If all of them are in Afghanistan, then there are actually twice as many troops there as reported, but most likely some are in Pakistan, some in Syria, Libya, various other African and Asian countries, including a recent foray into North Korea. Even Mexico has been visited secretly. No one--ally, enemy, or neutral--is exempt from them. Some estimates have U.S. special ops forces in 120 counties. We really don't know. Meet the new U.S. Army, in which we the people don't need to know a damn thing about what they're doing. It makes the old-fashioned congressional declarations of war more quaint than ever.
Yet when it comes to military policy, the Obama administration's success in shutting down wars conducted in plain sight tells only half the story, and the lesser half at that. More significant has been this president's enthusiasm for instigating or expanding secret wars, those conducted out of sight and by commandos.
John F. Kennedy famously gave the Green Berets their distinctive headgear. Obama has endowed the whole special operations "community" with something less decorative but far more important: privileged status that provides special operators with maximum autonomy while insulating them from the vagaries of politics, budgetary or otherwise. Congress may yet require the Pentagon to undertake some (very modest) belt-tightening, but one thing's for sure: No one is going to tell USSOCOM to go on a diet. What the special ops types want, they will get, with few questions asked—and virtually none of those few posed in public.

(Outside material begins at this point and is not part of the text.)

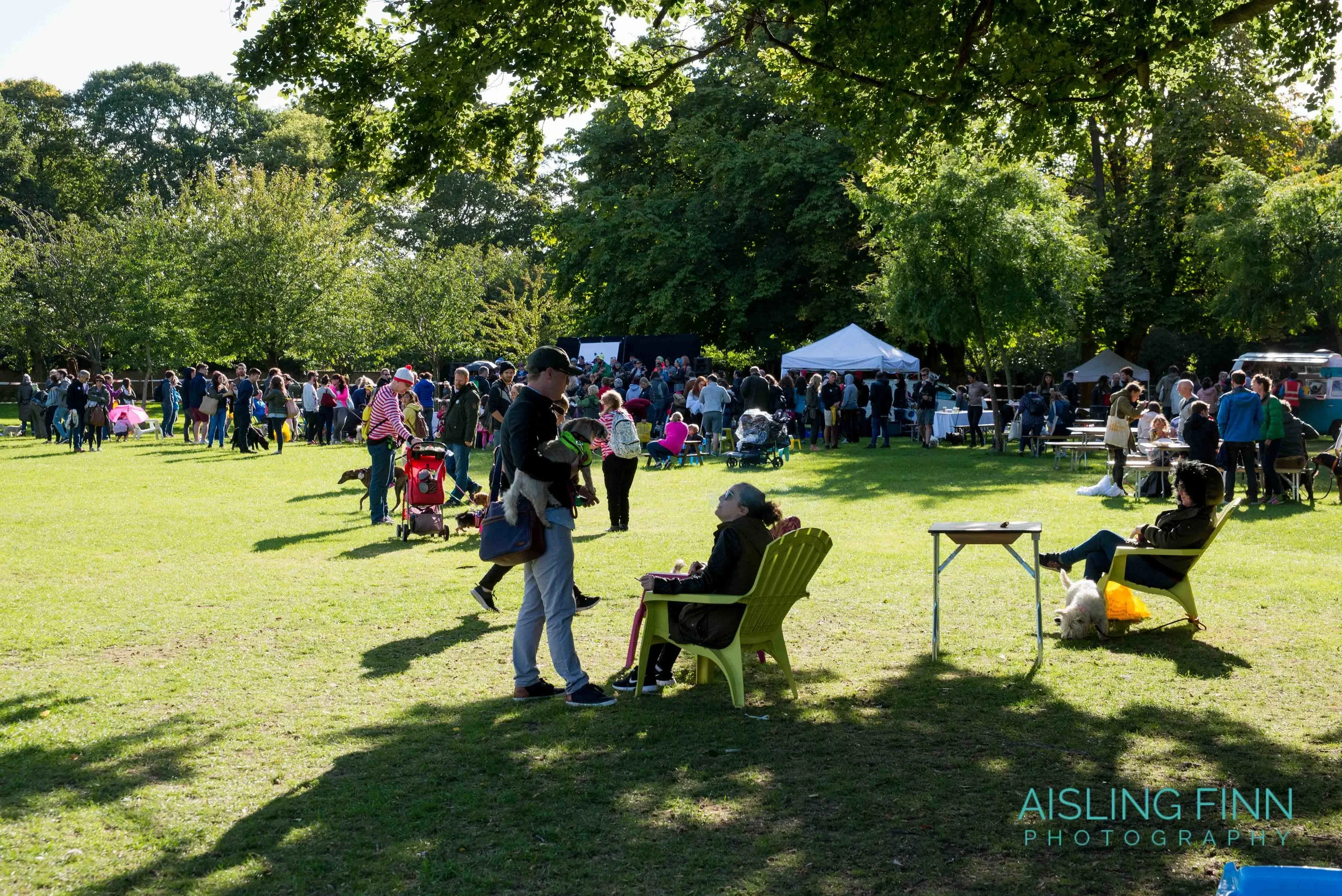 Doggie Do 2017 (10115).jpg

This cultural transformation has important political implications. It represents the ultimate manifestation of the abyss now separating the military and society. . . . As one consequence, the American people have forfeited owner's rights over their army, having less control over the employment of US forces than New Yorkers have over the management of the Knicks or Yankees.
In short, handing war to the special operators severs an already too tenuous link between war and politics; it becomes war for its own sake. Remember George W. Bush's "Global War on Terror"? Actually, his war was never truly global. War waged in a special-operations-first world just might become truly global—and never-ending....
Also missing from the official 70,000 count are private contractors and mercenaries, yet another method through which the public debate necessary for functioning democracy is subverted:
More civilian contractors working for American companies than American soldiers died in Afghanistan last year for the first time during the war.
American employers here are under no obligation to publicly report the deaths of their employees and frequently do not. While the military announces the names of all its war dead, private companies routinely notify only family members. Most of the contractors die unheralded and uncounted — and in some cases, leave their survivors uncompensated.
... There were 113,491 employees of defense contractors in Afghanistan as of January 2012, compared with about 90,000 American soldiers, according to Defense Department statistics. Of those, 25,287, or about 22 percent of the employees, were American citizens, with 47 percent Afghans and 31 percent from other countries.
Yet another example of an official pronouncement of the USG describing a fairy tale reality intended to sooth the American public while covering over the much more complex, insidious reality.